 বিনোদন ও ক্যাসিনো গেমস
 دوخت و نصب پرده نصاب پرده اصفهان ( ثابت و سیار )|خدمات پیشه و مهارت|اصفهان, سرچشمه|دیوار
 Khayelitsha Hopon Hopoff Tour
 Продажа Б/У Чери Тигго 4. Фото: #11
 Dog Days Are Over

...

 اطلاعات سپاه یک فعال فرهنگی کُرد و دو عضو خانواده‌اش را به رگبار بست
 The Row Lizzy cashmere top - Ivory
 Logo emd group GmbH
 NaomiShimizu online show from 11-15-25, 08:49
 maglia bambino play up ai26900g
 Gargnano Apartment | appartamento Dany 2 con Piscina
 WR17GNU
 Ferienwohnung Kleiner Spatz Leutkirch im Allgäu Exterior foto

TASK ITEM. Reproduce only the lines above spanning from the line containing "Logo emd group GmbH" through the line containing "Ferienwohnung Kleiner Spatz", word for word.

YOUR SOLUTION.
 Logo emd group GmbH
 NaomiShimizu online show from 11-15-25, 08:49
 maglia bambino play up ai26900g
 Gargnano Apartment | appartamento Dany 2 con Piscina
 WR17GNU
 Ferienwohnung Kleiner Spatz Leutkirch im Allgäu Exterior foto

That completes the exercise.